Many view the World Economic Forum’s Annual Meeting as the ultimate snapshot of the current state of the world. As always, this year’s event will provide great intellectual and political fodder for attendees, as well as for the public, who will follow the event through live stream, social media, and traditional media reports.

In the coming week at Davos, we will certainly hear strong debates over immediate concerns—the rapid fall in oil prices, geopolitics (no Vladimir Putin this year), and, in the wake of the Charlie Hebdo massacre, security and terrorism. But most interesting to me about this year’s agenda is the prominence of long-term questions, especially climate change and the rise of mass automation and artificial intelligence—two topics that will be with us for decades to come. The ability of the global community to come to grips with these questions will determine whether we meet the goal of ensuring prosperous lives for the global population.

Climate is not a new topic at Davos.

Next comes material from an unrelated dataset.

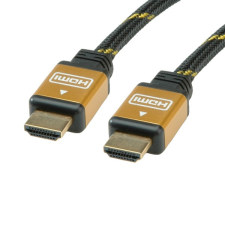 ROLINE - Kábel HDMI Premium M/M 1.0m kábel és adapter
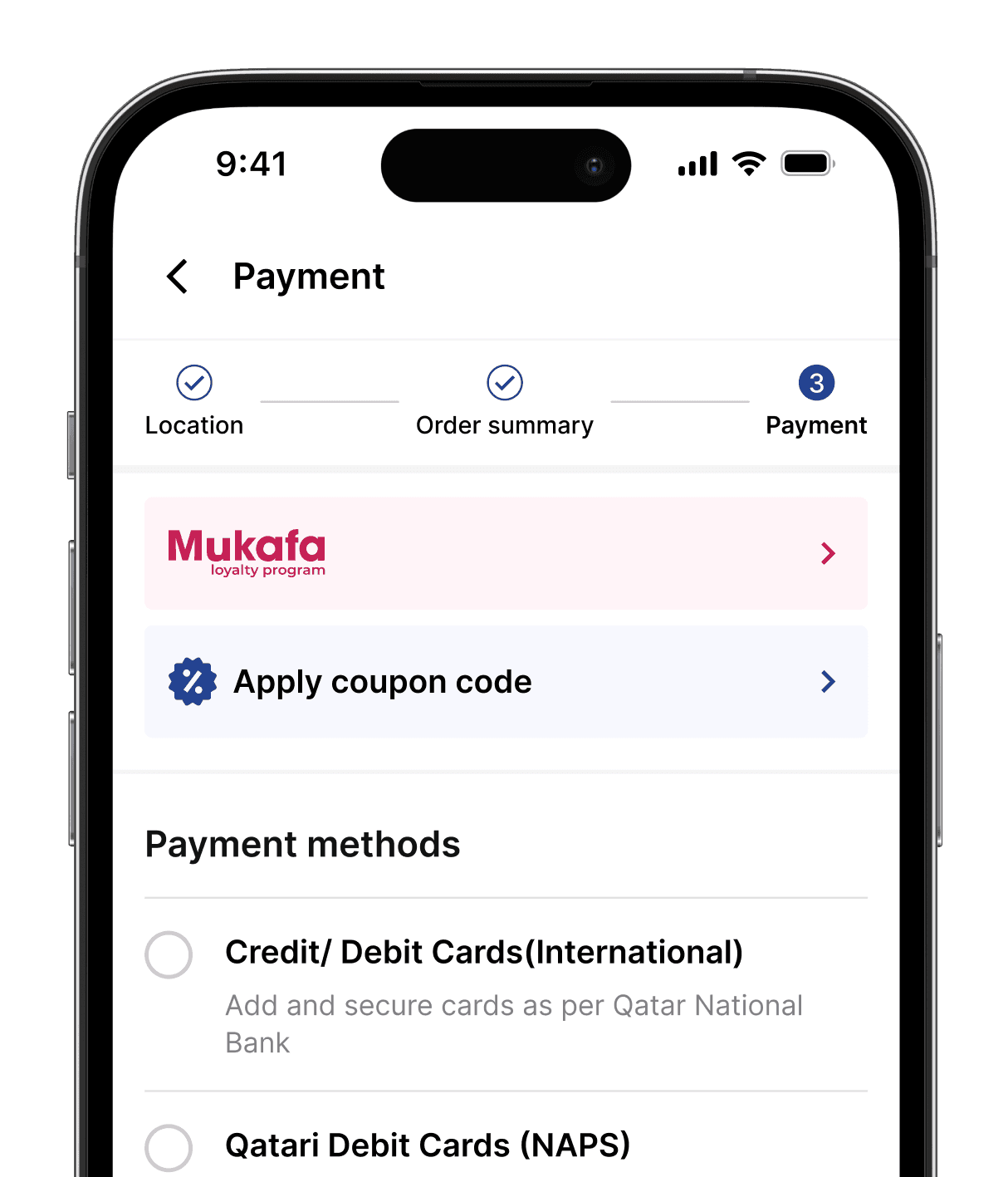 Mukafa Loyalty Program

The world’s foremost actors on climate—including Al Gore, Christiana Figueres of the UNFCCC, Kumi Naidoo of Greenpeace, and corporate climate leaders like Paul Polman of Unilever—are Davos veterans. What is new this year is the urgency presented by the ever-clearer data about the impacts of a changing climate, as well as the “forcing function” of the intergovernmental COP21 negotiations set to conclude in Paris this December.

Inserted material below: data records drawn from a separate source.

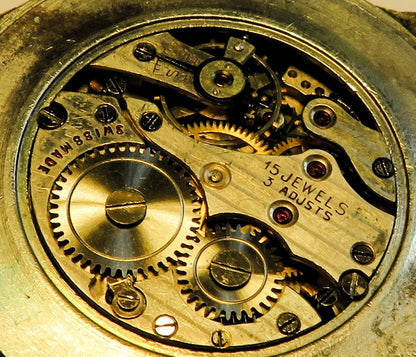 Union Soleure frühe Pfeilindex Fliegeruhr Pilot Watch Reichsluftwaffe 1930 WK2 - Sammler - Uhren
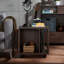 Ginnia Wheel End Table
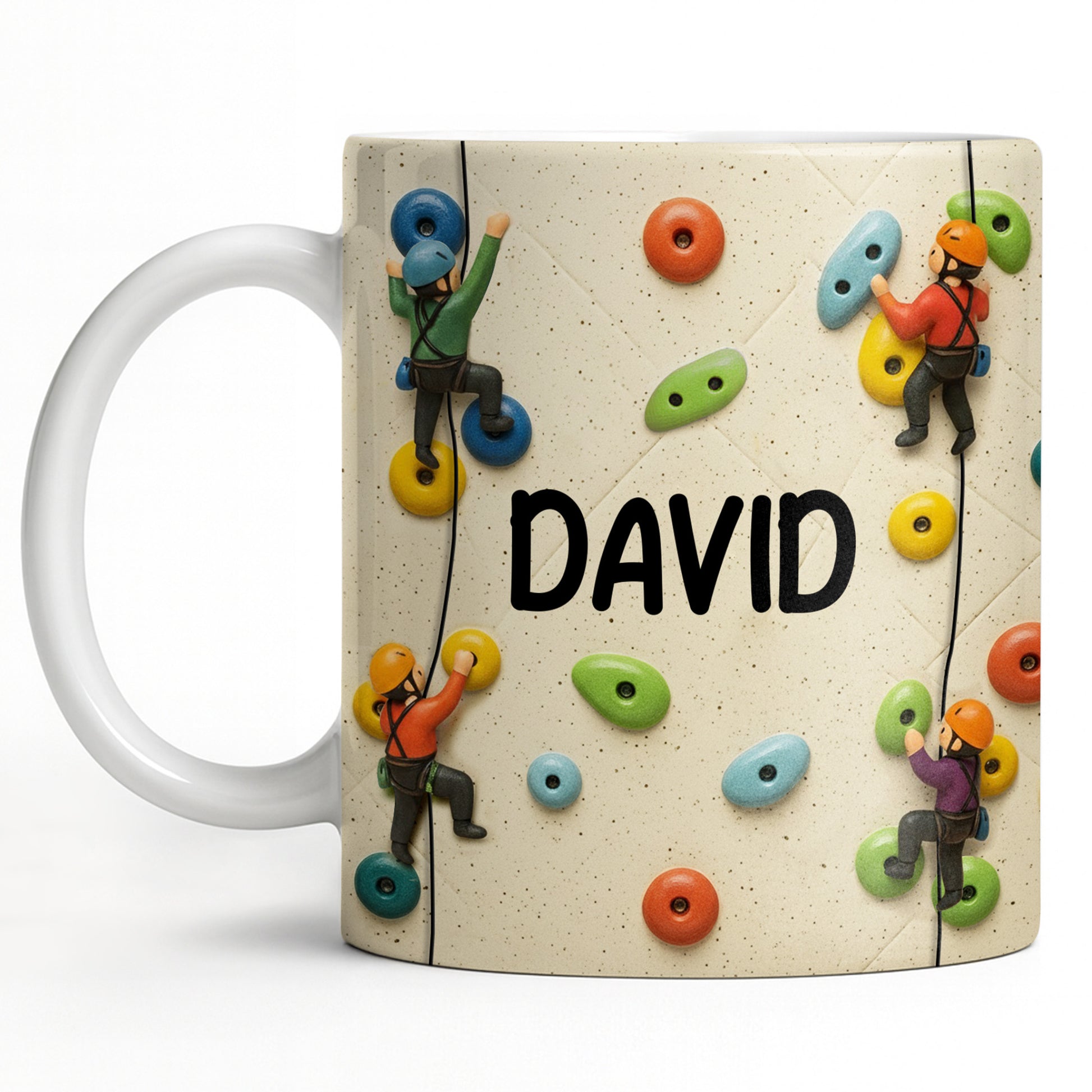 Climb High Reach Far With Colorful Climbing Holds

In this context, Davos represents a crucial stop on the road to Paris, with the main negotiations taking place over the first half of 2015. A combination of government negotiations, new corporate commitments, and NGO advocacy will all come to the fore. At BSR, we are supporting collective business action through the We Mean Business coalition, which is advancing the dialogue about how business ambition and smart policy are both essential to progress.

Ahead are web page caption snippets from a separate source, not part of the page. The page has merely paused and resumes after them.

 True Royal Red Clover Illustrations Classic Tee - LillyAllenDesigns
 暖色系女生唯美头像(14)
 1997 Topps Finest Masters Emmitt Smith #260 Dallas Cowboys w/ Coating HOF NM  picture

While climate has had a place on the agenda for years, artificial intelligence is the topic shooting up the charts at Davos this year. 

The World Economic Forum has identified unemployment and income inequality as the two top risks facing the world in 2015. At the same time, the Forum has clearly positioned the rise of artificial intelligence and mass automation as the great wild cards that will determine whether the ongoing decoupling of productivity and employment will enable widely shared prosperity, reinforce income inequality, destroy millions of manufacturing jobs in rising economies, or some combination of the three.

My own agenda at Davos focuses on climate, as well as the NGO-business dialogue, the changing shape of the consumer sector, and the circular economy. And, as has been true in prior years, I hope to return home with new impressions that deliver new insights to enrich BSR’s perspective—including ideas to help tackle long term global challenges with concrete, practical, and actionable steps.